ABSTRACT

What follows is an attempt to examine the more relevant factors determining the expansion and distribution of crime. Although it is sometimes denied, crime is expanding everywhere, and more quickly in developed than in developing countries. This is contested by representatives of the former who maintain that, since developing countries lack reliable criminal statitstics, they appear in a better light than developed countries. But not all developed countries have reliable or complete criminal statistics, and the question is not only one of statistical data, but of the connection between development and crime. As a rule, the greater the development the greater the amount of crime, especially when development is understood as socio-economic development in terms of production-consumption and higher material standards of living.
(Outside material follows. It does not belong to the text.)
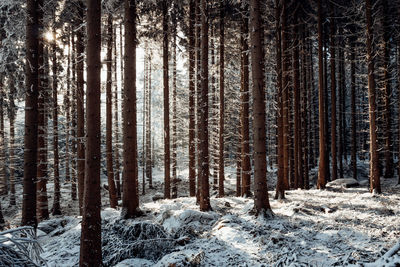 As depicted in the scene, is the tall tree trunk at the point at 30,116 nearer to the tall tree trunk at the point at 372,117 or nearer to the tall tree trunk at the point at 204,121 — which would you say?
the tall tree trunk at the point at 204,121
The main reasons for the expansion of crime are: (a) that the growing complexity of development usually demands greater penal protection, hence the increase of the number of criminal offences (b) increasing corruption and leisure time: and (c) greater individual as well as collective insecurity and protest against existing socio-economic and political systems, even in countries where everything is run according to a single political ideology, party and machinery. The common denominator of these factors is population growth and its age and sex distribution. It is not true that war, particularly World War II, is the main cause of the expansion of crime, although obviously it plays a part; however, like any other factor, the role of war is ambivalent, in the sense that it provokes but also reduces crime. Furthermore, as a factor the effects of war eventually fade and are replaced by others. Only metaphysically can it be said that by creating new conditions, which in turn provoke others, and so on ad infinitum, war effects are still in action. A close scrutiny of the facts shows that in most cases war is not a sudden event but the culmination of a process, the causal effects of which start acting before the war begins. It is difficult to ascertain what are the criminogenic effects of war itself, those of the process preceding it and those provoked by contemporary but independent factors.